You can verify that the semivariogram above corresponds to the residuals by repeating the analysis directly on the residuals. First join the residuals to the `SpatialPointsDataFrame`:
```{r}
Walker_Lake.sf$e <- WL.trend3$residuals
```

And then calculate the semivariogram and plot:
```{r}
variogram_e <- variogram(e ~ 1, 
                         data = Walker_Lake.sf)
ggplot(data = variogram_e, aes(x = dist, y = gamma)) +
  geom_point() + 
  geom_text(aes(label = np), nudge_y = -1500) +
  xlab("Distance") + ylab("Semivariance")
```

The empirical semivariogram is used to estimate a semivariogram function:
```{r}
variogram_v.t <- fit.variogram(variogram_v, model = vgm("Exp", "Sph", "Gau"))
variogram_v.t
```

The variogram function plots as follows:
```{r}
gamma.t <- variogramLine(variogram_v.t, maxdist = 130)
ggplot(data = variogram_v, aes(x = dist, y = gamma)) +
  geom_point(size = 3) + 
  geom_line(data = gamma.t, aes(x = dist, y = gamma)) +
  xlab("Distance") + ylab("Semivariance")
```

We will convert the prediction grid to a simple features object:
```{r}
df.sf <- df.p %>%
  st_as_sf(coords = c("X", "Y"),
           remove = FALSE)
```

Then, we can krige the field as follows (ensure that packages `sf` and `stars` are installed):
```{r}
V.kriged <- krige(V ~ X3 + X2Y + X2 + X + XY + Y + Y2 + XY2 + Y3,
              Walker_Lake.sf, df.sf, variogram_v.t)
```

Extract the predictions and prediction variance from the object `V.kriged`:
```{r}
V.km <- matrix(data = V.kriged$var1.pred,
               nrow = 119, ncol = 103, byrow = TRUE)
V.sm <- matrix(data = V.kriged$var1.var,
               nrow = 119, ncol = 103, byrow = TRUE)
```

We can now plot the interpolated field:
```{r}
V.km.plot <- plot_ly(x = ~X.p, y = ~Y.p, z = ~V.km, 
        type = "surface", colors = "YlOrRd") %>% 
  layout(scene = list(
    aspectmode = "manual", aspectratio = list(x = 1, y = 1, z = 1)))
V.km.plot
```

Also, we can plot the kriging standard errors (the square root of the prediction variance).

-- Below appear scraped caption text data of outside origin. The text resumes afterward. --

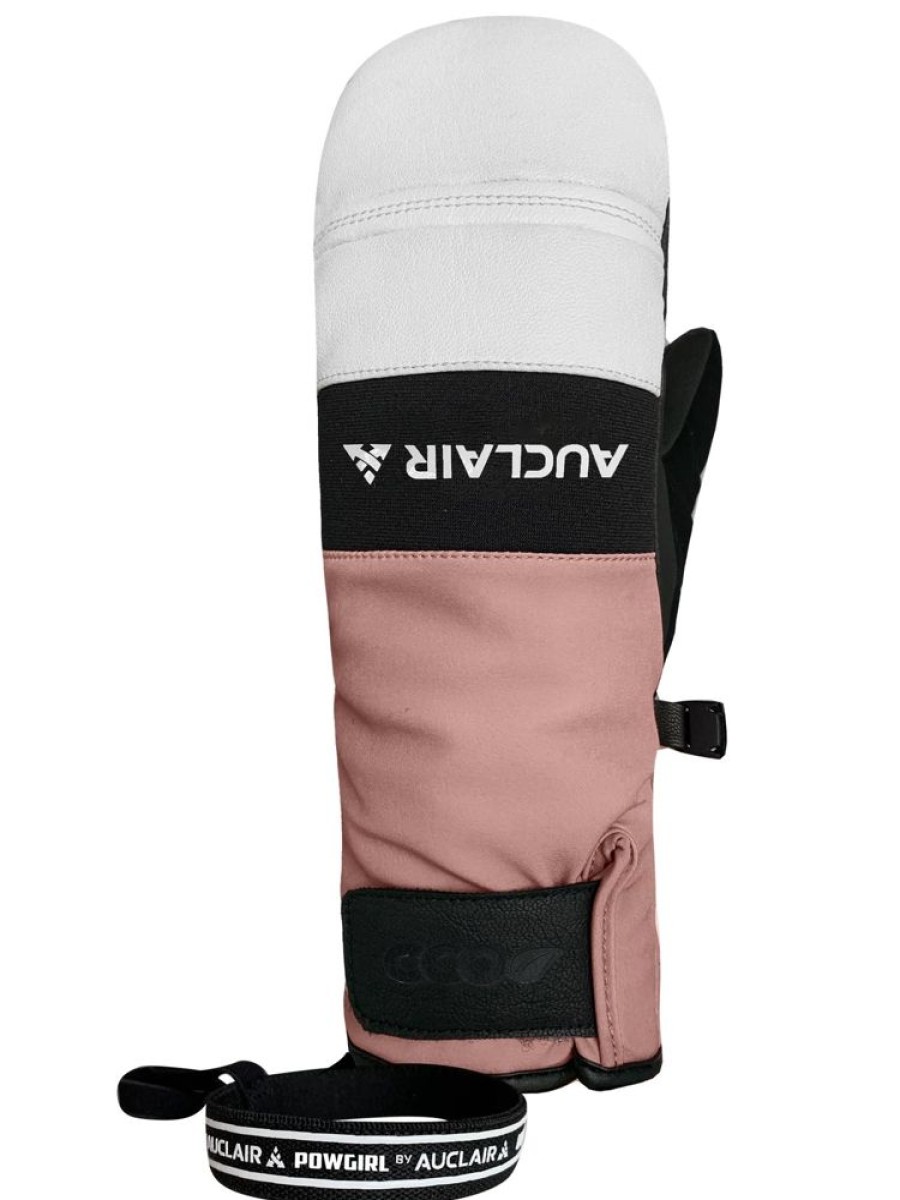 Women AUCLAIR Gloves | Auclair- Ladies Snow Angel Mitts Blk-Wht-Pink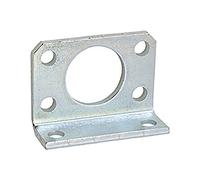 RIEGLER 105880-436.11-M - Soporte de pie para cilindro redondo (no ISO 6432), diámetro del pistón 32, 1 unidad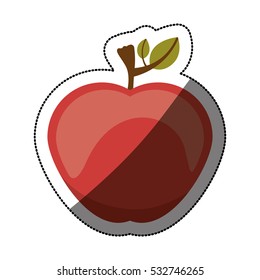 Isolated apple design 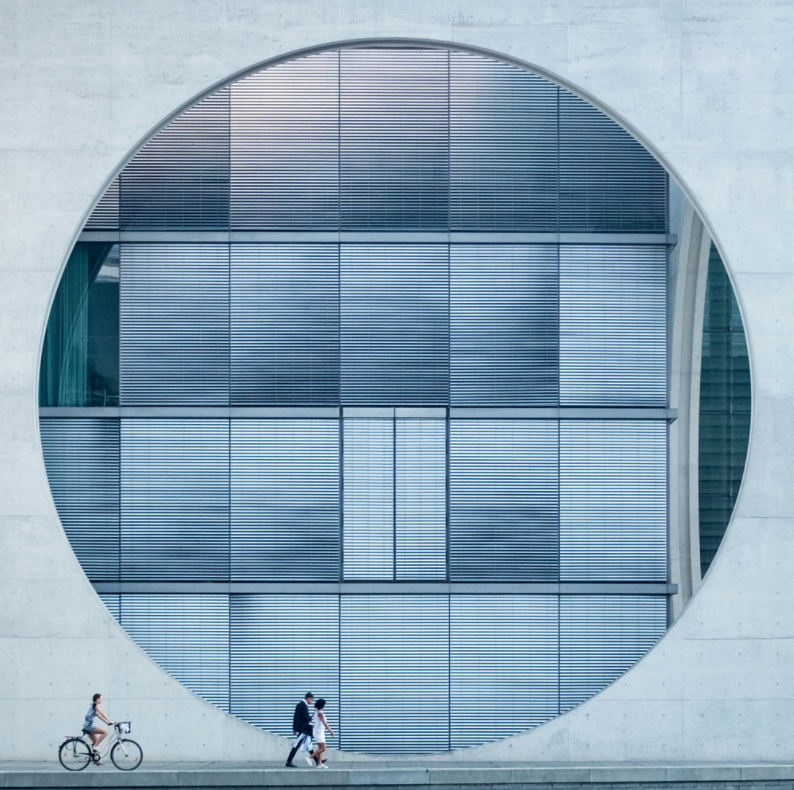 Oculus an Eye. Architecture. Interior Design. 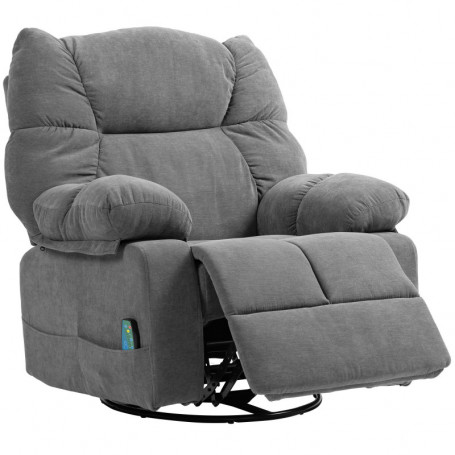 Relax Massage Fåtölj med Liggfunktion 98 x 90 x 98 cm Mörkgrå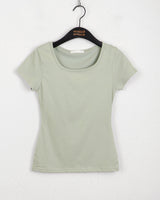 Mue ベーシックライン半袖Tシャツ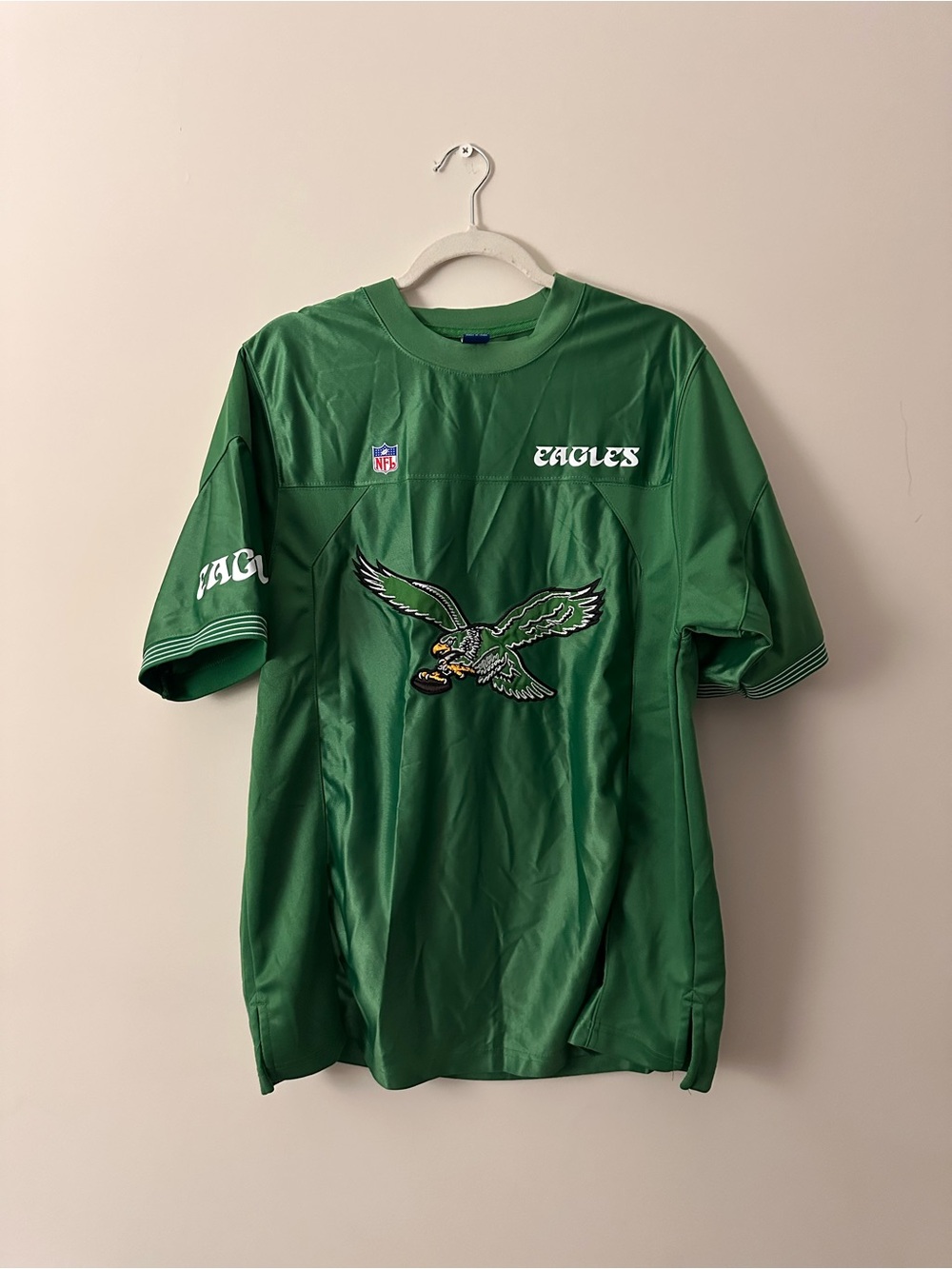 Philadelphia Eagles NFL Kelly Green Football Jersey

This gives an estimate of the uncertainty in the predictions:
```{r}
V.sm.plot <- plot_ly(x = ~X.p, y = ~Y.p, z = ~sqrt(V.sm), 
        type = "surface", colors = "YlOrRd") %>% 
  layout(scene = list(
    aspectmode = "manual", aspectratio = list(x = 1, y = 1, z = 1)))
V.sm.plot
```

Where are predictions more/less precise?